### Data
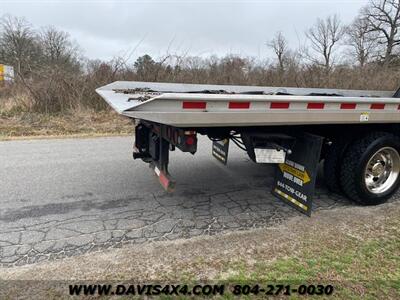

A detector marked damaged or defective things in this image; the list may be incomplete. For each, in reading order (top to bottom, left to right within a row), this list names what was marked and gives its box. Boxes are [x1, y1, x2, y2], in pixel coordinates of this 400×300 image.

cracked pavement [0, 137, 394, 268]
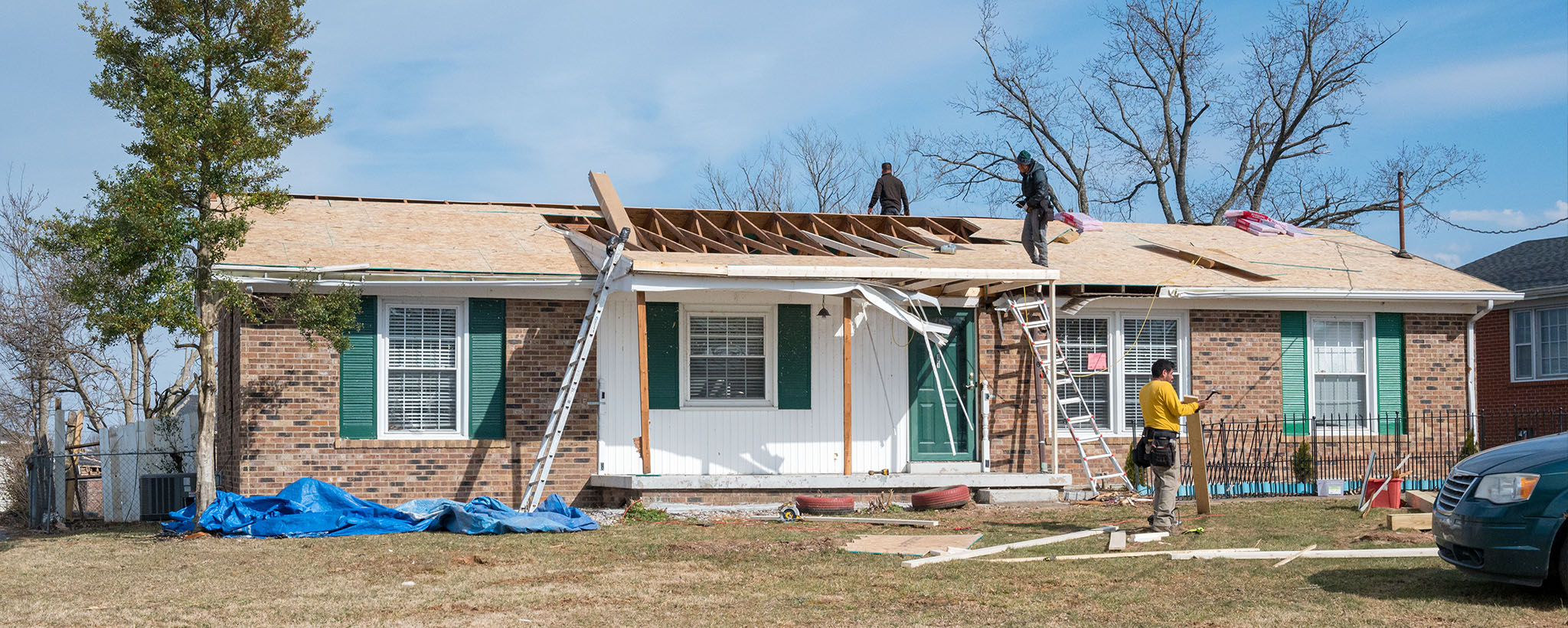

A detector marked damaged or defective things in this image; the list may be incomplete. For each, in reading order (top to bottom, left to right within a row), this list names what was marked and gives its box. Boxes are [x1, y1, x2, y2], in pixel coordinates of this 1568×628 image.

bent gutter [1467, 298, 1492, 436]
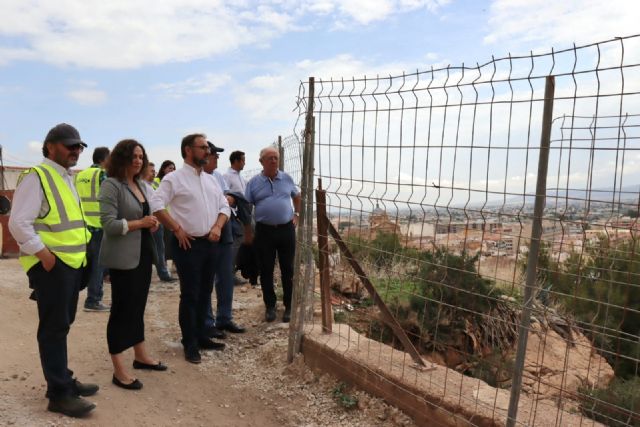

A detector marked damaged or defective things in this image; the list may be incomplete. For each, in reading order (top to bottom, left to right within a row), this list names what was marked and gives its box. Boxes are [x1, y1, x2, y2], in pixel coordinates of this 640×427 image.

rusted metal post [288, 77, 316, 364]
rusted metal post [316, 179, 332, 332]
rusted metal post [504, 76, 556, 427]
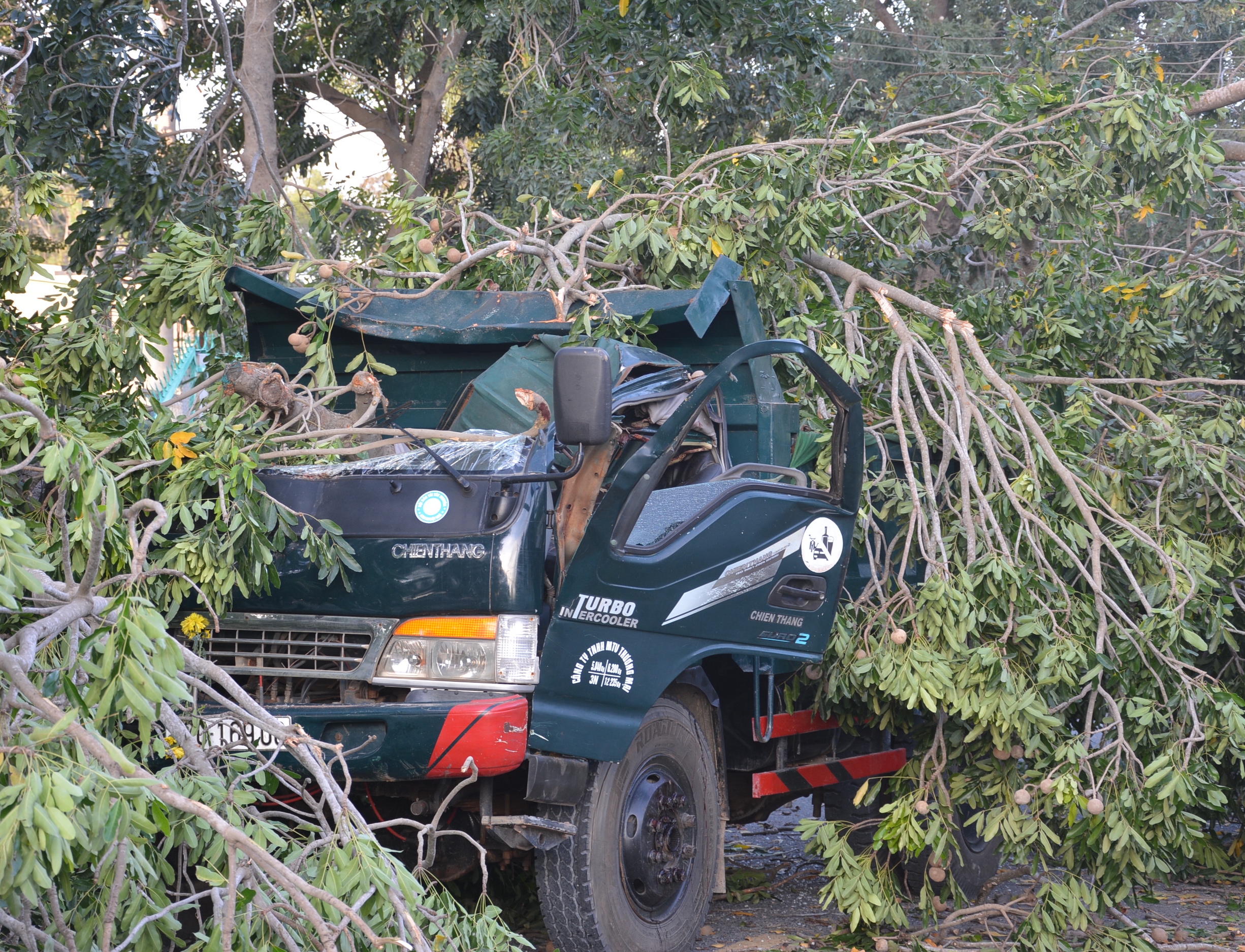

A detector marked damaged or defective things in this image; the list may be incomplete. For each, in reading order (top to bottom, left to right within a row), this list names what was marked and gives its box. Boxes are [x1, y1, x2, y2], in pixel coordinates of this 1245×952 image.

shattered windshield [260, 431, 533, 475]
torn metal panel [265, 431, 528, 475]
crushed truck cab [189, 257, 931, 950]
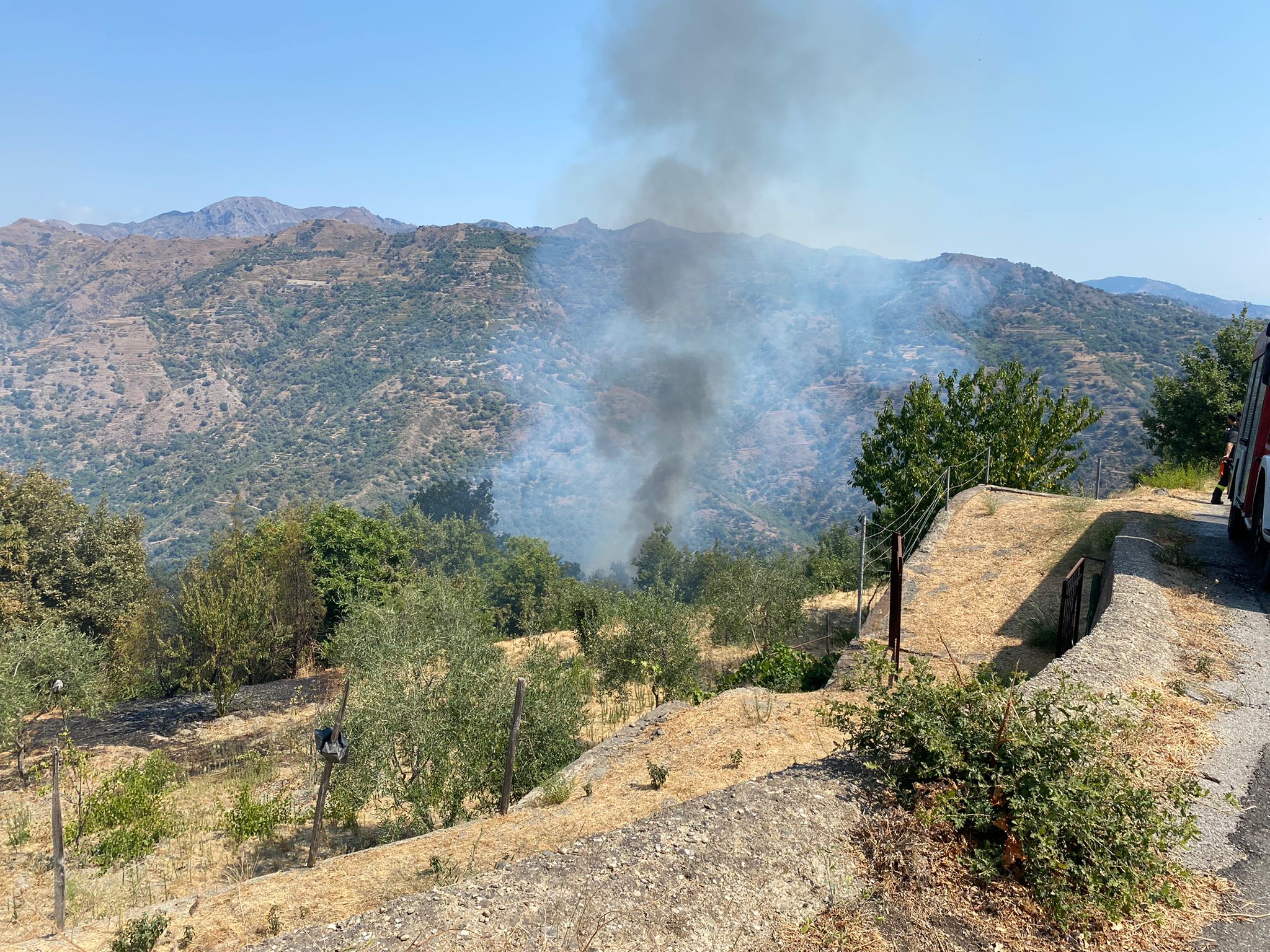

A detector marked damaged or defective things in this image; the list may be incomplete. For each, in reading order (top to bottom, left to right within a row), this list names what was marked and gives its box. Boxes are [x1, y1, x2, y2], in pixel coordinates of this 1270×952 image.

rusty metal post [894, 533, 904, 675]
rusty metal post [51, 746, 65, 934]
rusty metal post [306, 680, 348, 873]
rusty metal post [495, 680, 525, 822]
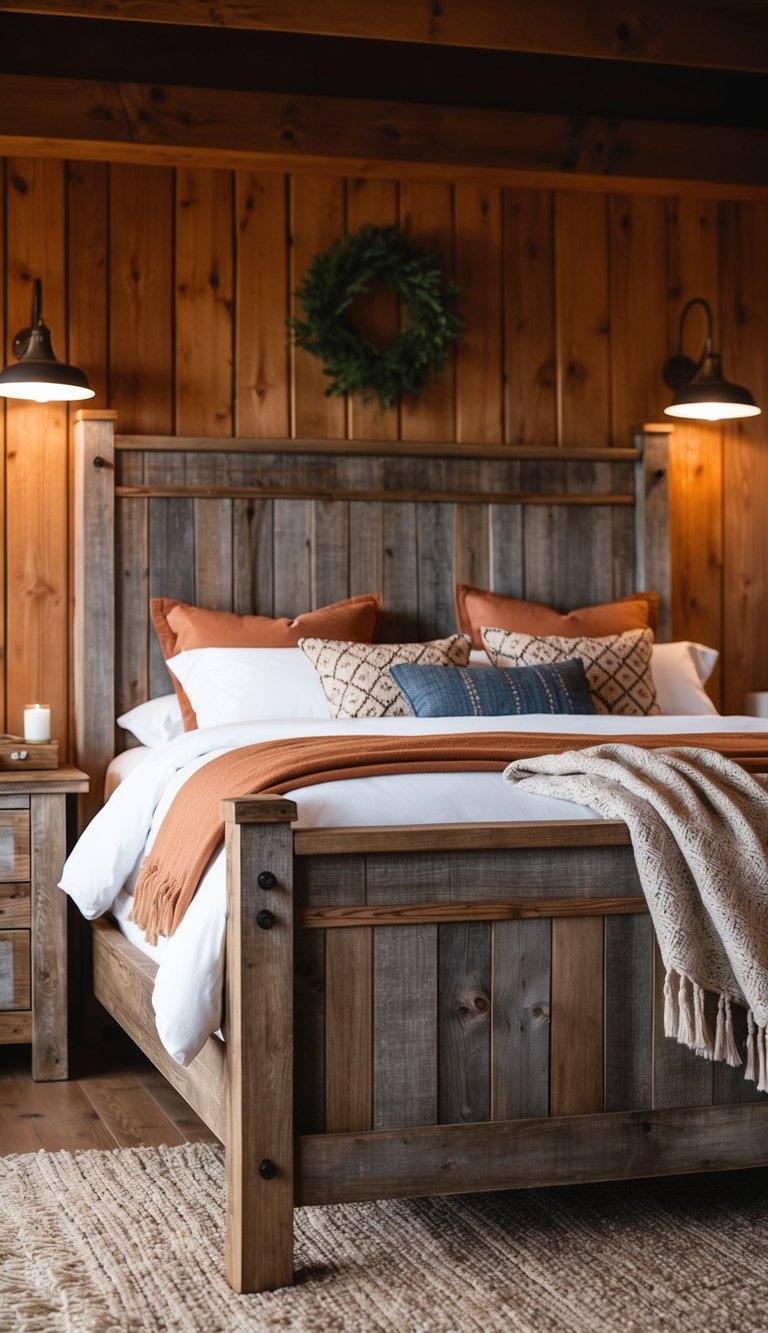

### Task description
Once the line with "this 1270×952 image." is found, output it and every line after it through the end of the listing, exactly, without pictures.

### Response to the task
A detector marked damaged or defective things in this image; the list may be incomplete. For each, in reading order (top to bottom, left to right within a row), this list names what was marked and gives its box. Boxes are [x1, y1, x2, y2], in pixel coordinates of this 1270×952 image.

rusty metal post [894, 533, 904, 675]
rusty metal post [51, 746, 65, 934]
rusty metal post [306, 680, 348, 873]
rusty metal post [495, 680, 525, 822]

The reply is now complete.